Entretien avec Dustin Clausen
Dustin a rejoint l’IHES en avril 2023 en tant que professeur permanent en mathématiques. Dans cet entretien il parle de son rapport aux mathématiques et de ce qu’être à l’IHES signifie pour lui. Il nous donne aussi un aperçu de ses sujets de recherche.
• Qu’est-ce qui vous a attiré vers les mathématiques ?
Au départ, deux aspects m’intéressaient. C’était premièrement la possibilité d’obtenir des réponses définitives car en mathématiques, contrairement à beaucoup d’autres préoccupations humaines, les affirmations peuvent être formulées avec précision et sont vraies – ou fausses. En tant que jeune dans un monde incertain, cette certitude m’attirait. Je citerais deuxièmement le sentiment d’indépendance que procurent les mathématiques. Il n’est pas nécessaire d’accepter une quelconque autorité et tout peut être vérifié grâce à la logique. Plus tard, j’en suis venu à apprécier ce que l’on pourrait appeler la beauté des mathématiques. La structure rigide des mathématiques offre un monde d’une profondeur, d’une complexité et d’un enchantement incroyables, où, peut-être paradoxalement, la créativité humaine peut réellement s’épanouir. D’une certaine manière, on observe un lien similaire entre rigidité et créativité dans d’autres disciplines artistiques : à de nombreuses reprises dans l’histoire, des groupes d’artistes ont fixé des règles pour concentrer leur force créatrice. Or, en mathématiques, les règles sont fixées par la nature elle-même et façonnent un monde dont la structure va bien au-delà de ce que les lois créées par l’être humain peuvent réaliser.

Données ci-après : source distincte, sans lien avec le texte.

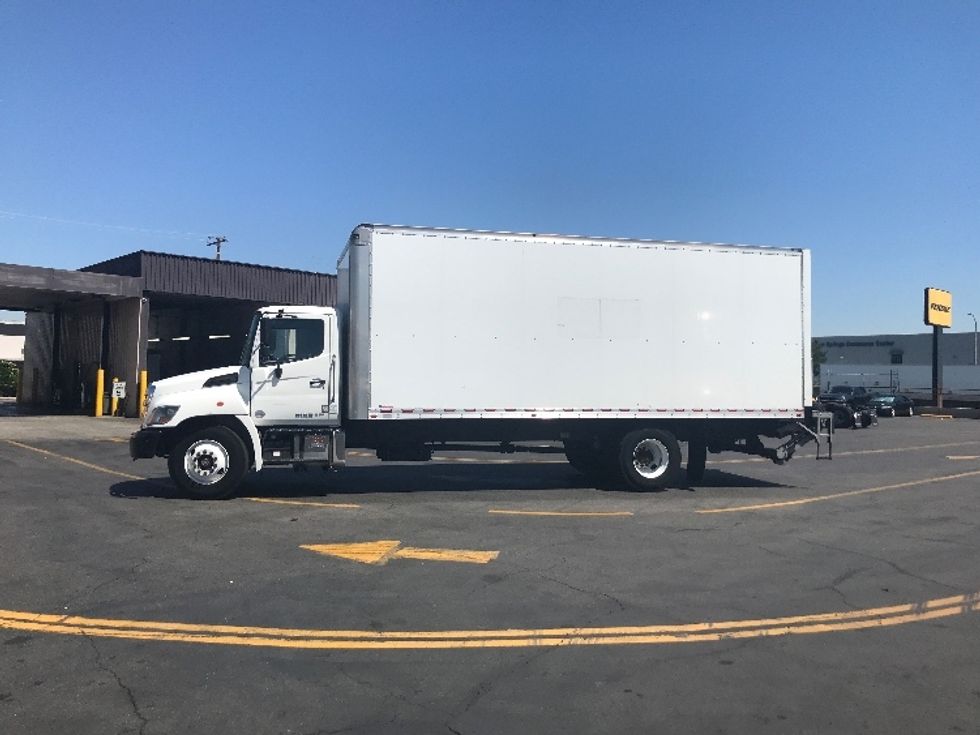 Medium Duty Box Truck-Light and Medium Duty Trucks-Hino-2019-268-City Of Industry-CA-42,393\n\t\tmiles-$ 68,000 - Image 4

• Que signifie pour vous le fait d’avoir rejoint l’IHES en tant que professeur permanent ?
En ce qui me concerne, le poste de professeur permanent à l’IHES représente la concrétisation suprême de l’indépendance et de la liberté auxquelles j’ai toujours aspiré. Ici, j’ai vraiment l’impression de pouvoir me consacrer entièrement à mon travail. Je suis infiniment reconnaissant de constater l’existence d’un tel endroit et du poste que l’on m’a offert.
• Quels sont les projets de recherche que vous souhaitez mener dans le futur proche ?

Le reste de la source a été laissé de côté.